ACTesting: Automated Cross-modal Testing Method of Text-to-Image Software
Siqi Gu, Chunrong Fang, Quanjun Zhang, Zhenyu Chen
TL;DR
ACTesting introduces an automated black-box cross-modal testing framework for Text-to-Image (T2I) software, grounded in metamorphic testing to mitigate oracle scarcity. It defines cross-modal semantic consistency via Entity-Relationship (ER) triples as the metamorphic relation, and uses three adaptability-density-guided mutation operators (EC, ER_R, ER_A) to generate informative inputs. The method leverages object and scene-graph analyses to verify MR satisfaction on generated images, revealing entity/relationship errors and improving fault detection across five T2I engines on the MS-COCO dataset. Experimental results show mutation-based testing degrades text-image consistency and image realism relative to baselines, with ablations demonstrating the value of operator combinations. Overall, ACTesting demonstrates reliable error identification in T2I software and offers a path toward robustness improvements through targeted, mutation-driven data generation.
Abstract
Recently, creative generative artificial intelligence software has emerged as a pivotal assistant, enabling users to generate content and seek inspiration rapidly. Text-to-Image (T2I) software, one of the most widely used, synthesizes images with text input by engaging in a cross-modal process.

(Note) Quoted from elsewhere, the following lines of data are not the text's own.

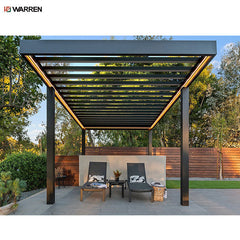 Warren 10 x 10ft custom heavy-duty windproof green metal roof outdoor pergola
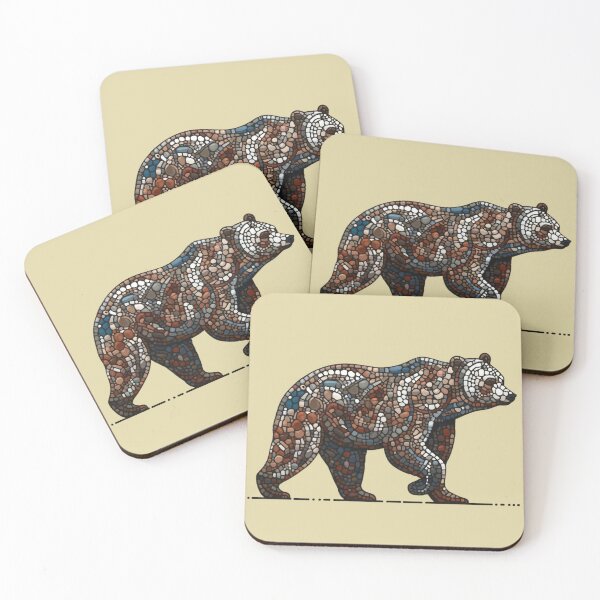 Item preview, Majestic Grizzly Bear Mosaic - Stunning Wildlife Art designed and sold by Studio70Nine.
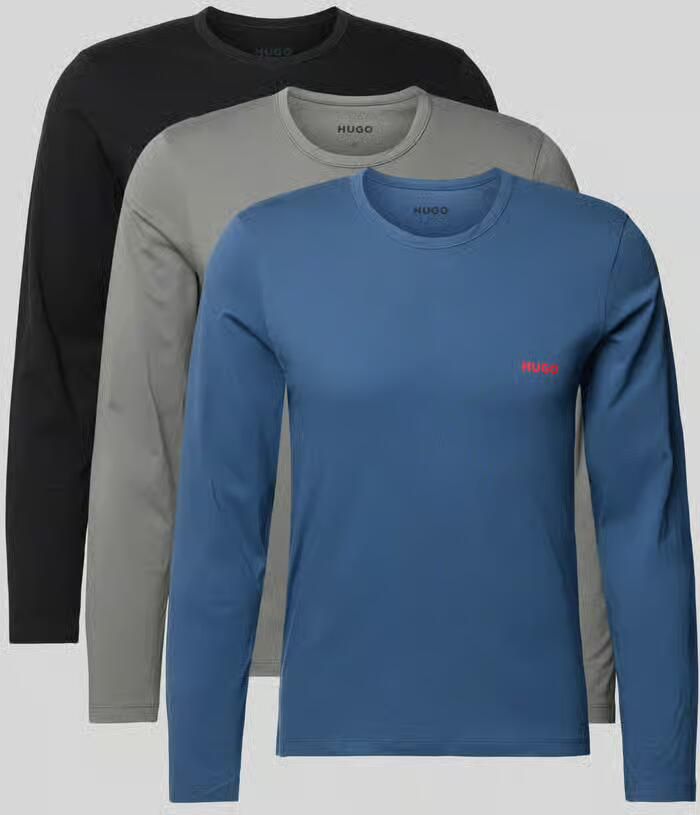 HUGO Regular fit shirt met lange mouwen van puur katoen in set van 3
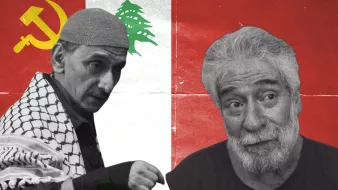 الصورة تحمل رموزًا سياسية ومعاني تاريخية، مع وجود شخصين في التركيز.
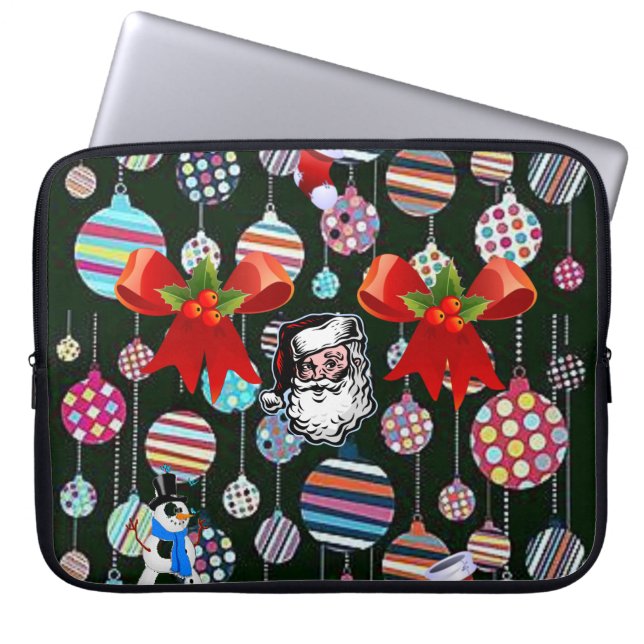 Neoprene Christmas Laptop Sleeve 15 inch, Santa (Front)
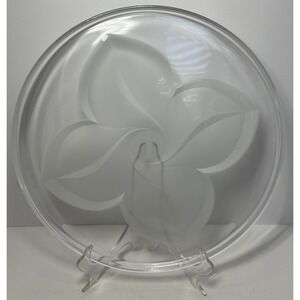 JG Durand 24% LEAD CRYSTAL 12" Serving Dish Frosted‎ Leaf Design Florence Satine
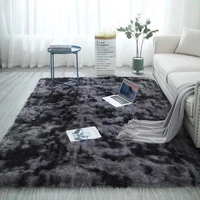european modern soft rectangle carpet fashion bedroom carpet bay window bedside mat washable personality dyeing plush carpet rug
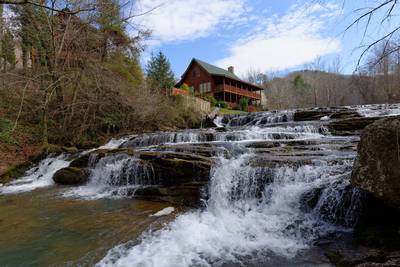 Creekside Lodge waterfalls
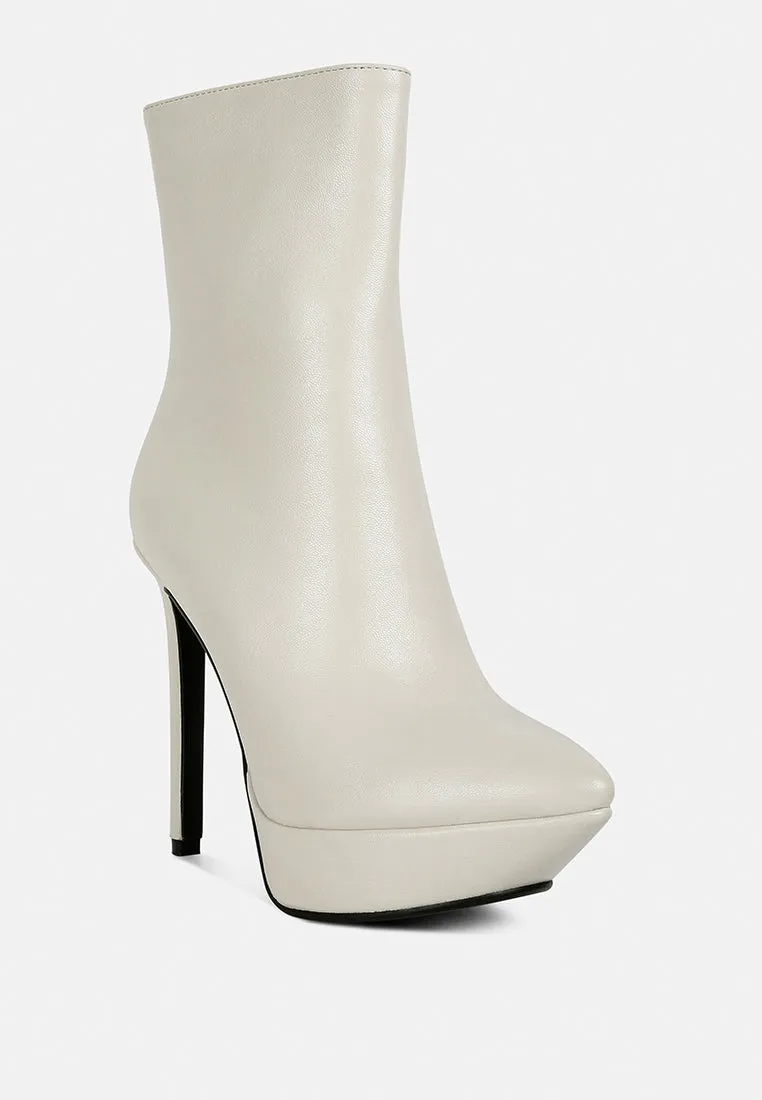 MAGNA Beige Platform Heel Ankle Boot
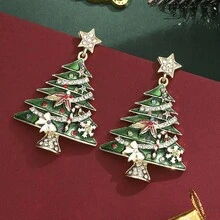 Pendientes de árbol de Navidad para mujer, exquisitos pendientes colgantes con diamantes de imitación. - Verde - Ver 3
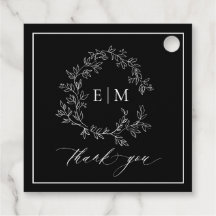 Modern Black White Leafy Crest Monogram Weddenscha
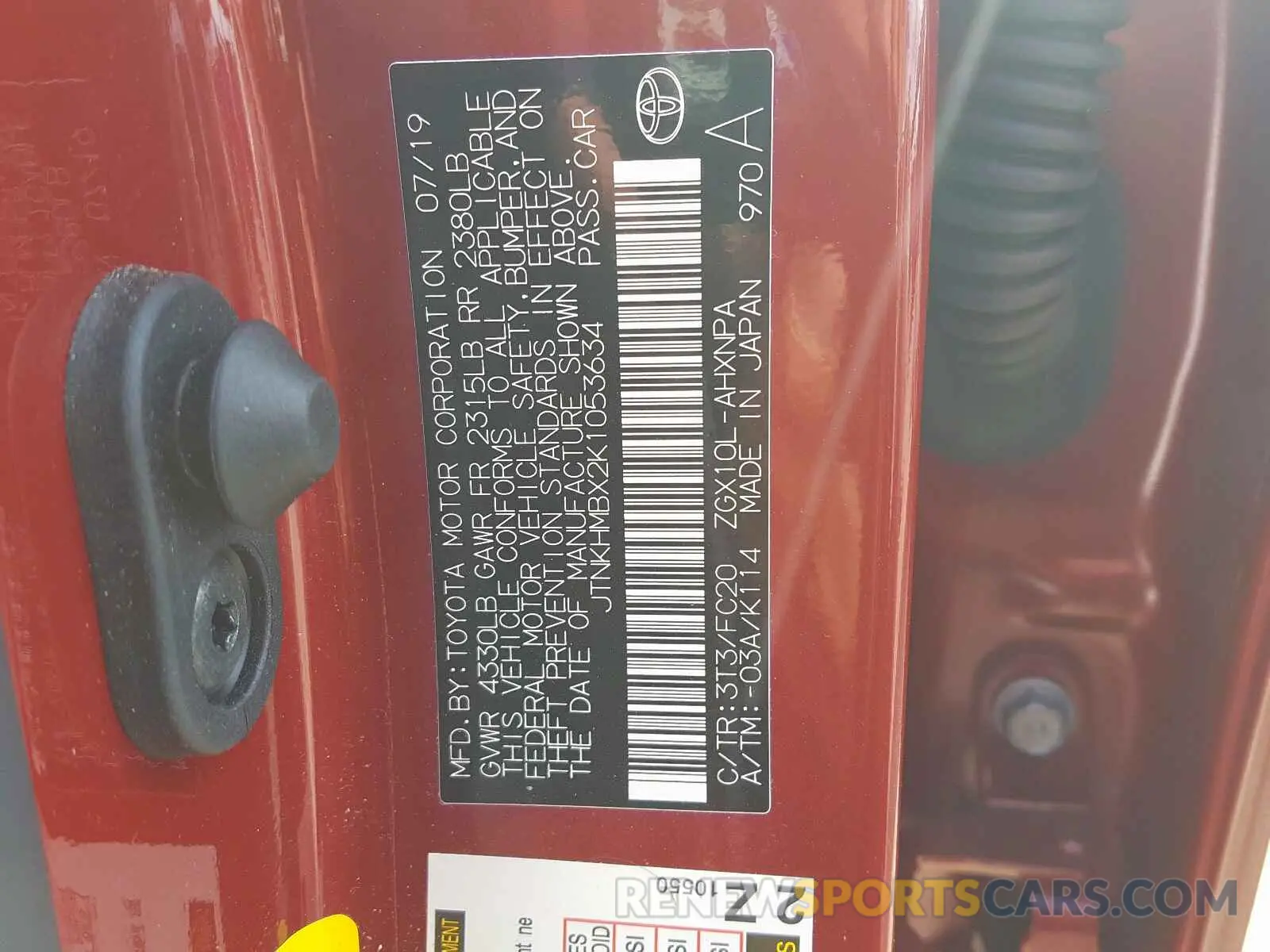 10 fotografías del automóvil dañado JTNKHMBX2K1053634 TOYOTA C-HR XLE 2019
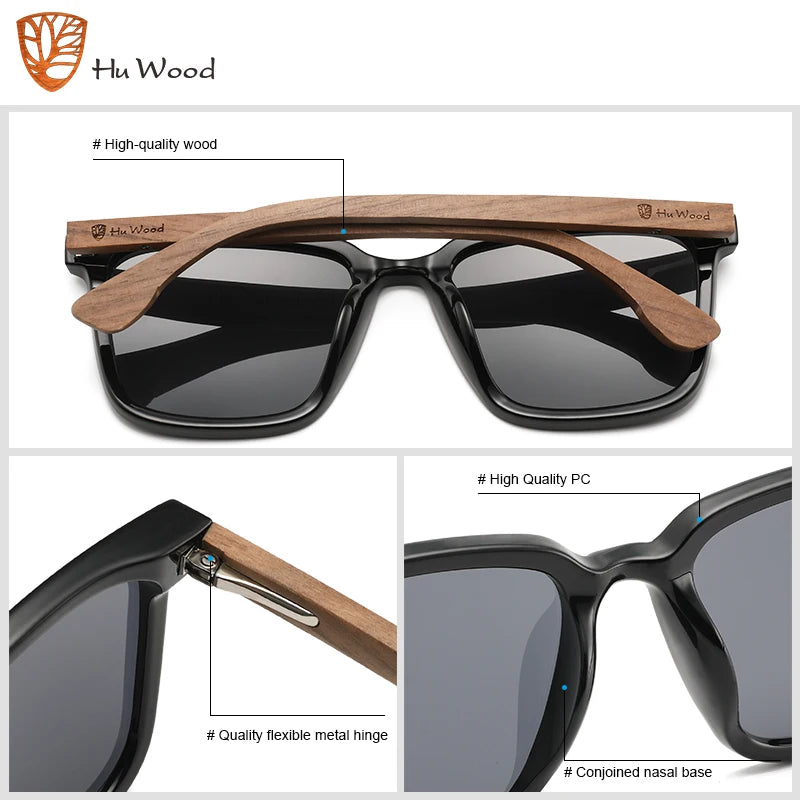 Hu Wood Square Men Women Sunglasses Polarized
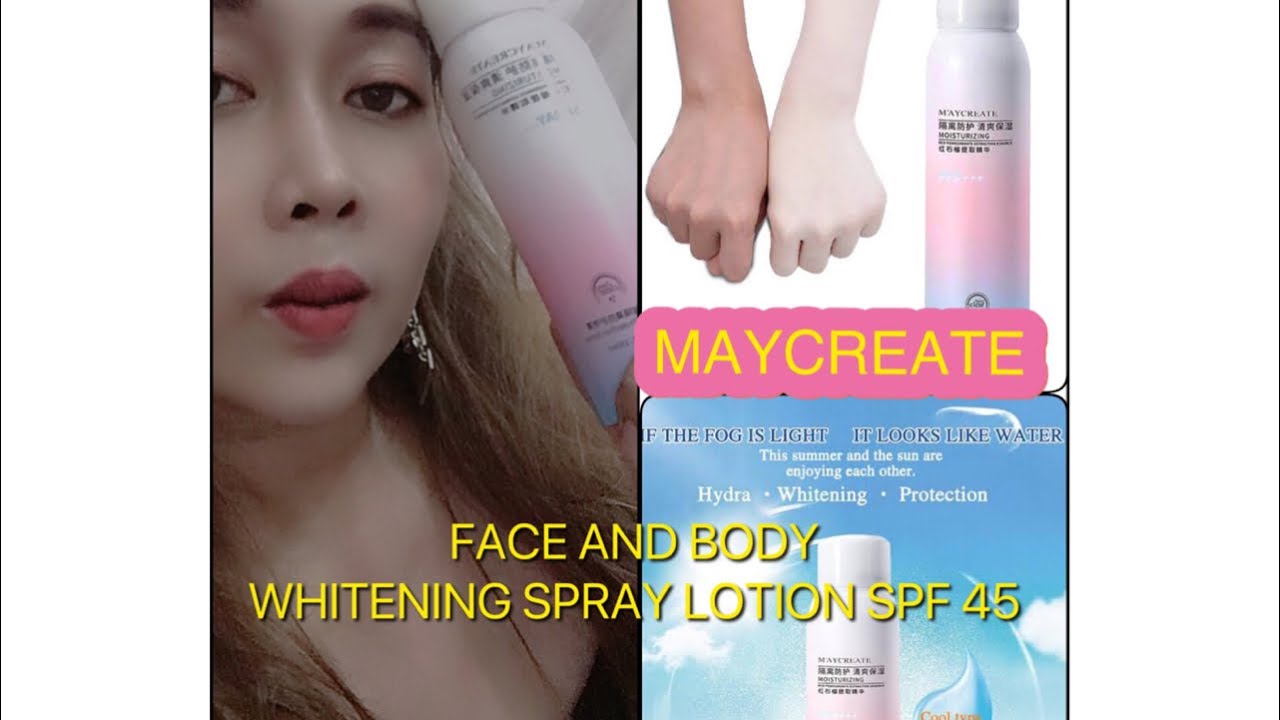 MAYCREATE FACE BODY WHITENING SPRAY LOTION REVIEW#onlineproducts #whitening #beautytips#MAYCREATE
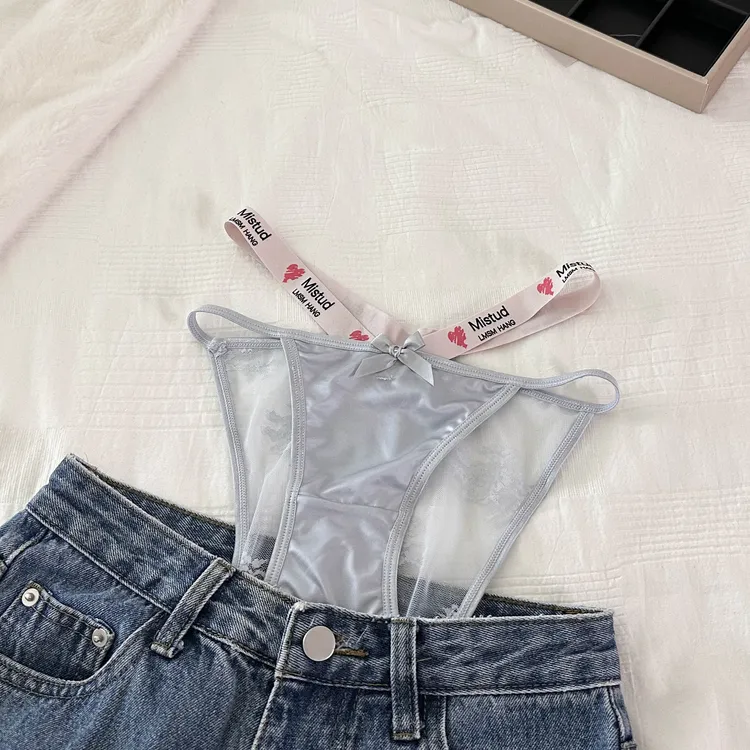 心机小蛮腰~缎面内裤性感女低腰运动绑带纯欲蕾丝少女内裤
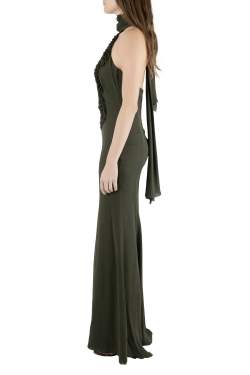 Pre Owned Valentino Olive Green Silk Ruffled Neck Halter Maxi Dress S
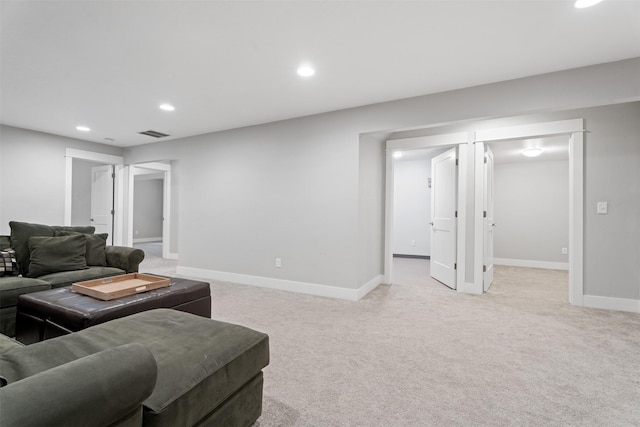 2421 Half Hitch Dr, Missoula, MT 59808 - living room featuring light colored carpet, visible vents, baseboards, and recessed lighting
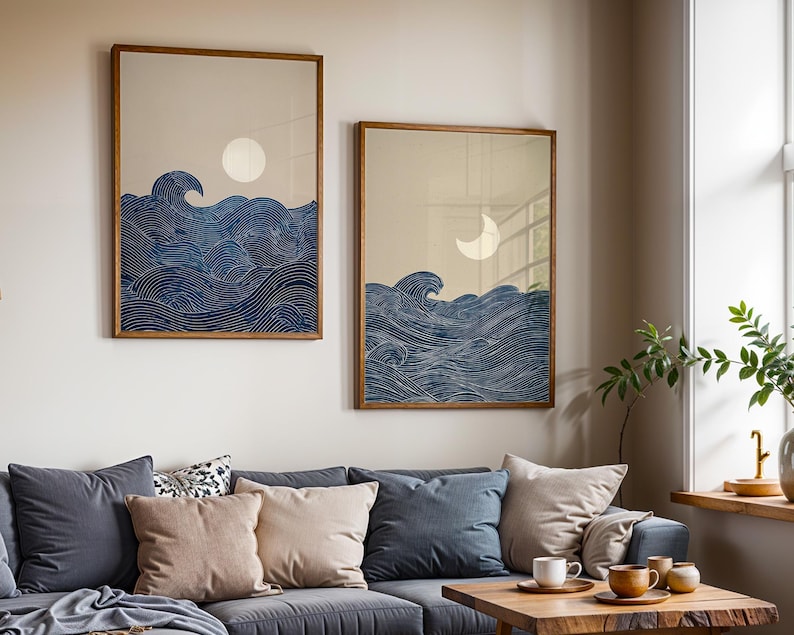 2pcs Japandi Minimalist Moon C - Photography Design บทวิจารณ์และราคา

However, despite substantial advancements in the T2I engine, T2I software still encounters errors when generating complex or non-realistic scenes, including omitting focal entities, low image realism, and mismatched text-image information. The cross-modal nature of T2I software complicates error detection for traditional testing methods, and the absence of test oracles further exacerbates the complexity of the testing process. To fill this gap, we propose ACTesting, an Automated Cross-modal Testing Method of Text-to-Image Software, the first testing method explicitly designed for T2I software. ACTesting utilizes the metamorphic testing principle to address the oracle problem and identifies cross-modal semantic consistency as its fundamental Metamorphic relation (MR) by employing the Entity-relationship (ER) triples. We design three kinds of mutation operators under the guidance of MR and the adaptability density constraint to construct the new input text. After generating the images based on the text, ACTesting verifies whether MR is satisfied by detecting the ER triples across two modalities to detect the errors of T2I software. In our experiments across five popular T2I software, ACTesting effectively generates error-revealing tests, resulting in a decrease in text-image consistency by up to 20% when compared to the baseline. Additionally, an ablation study demonstrates the efficacy of the proposed mutation operators. The experimental results validate that ACTesting can reliably identify errors within T2I software.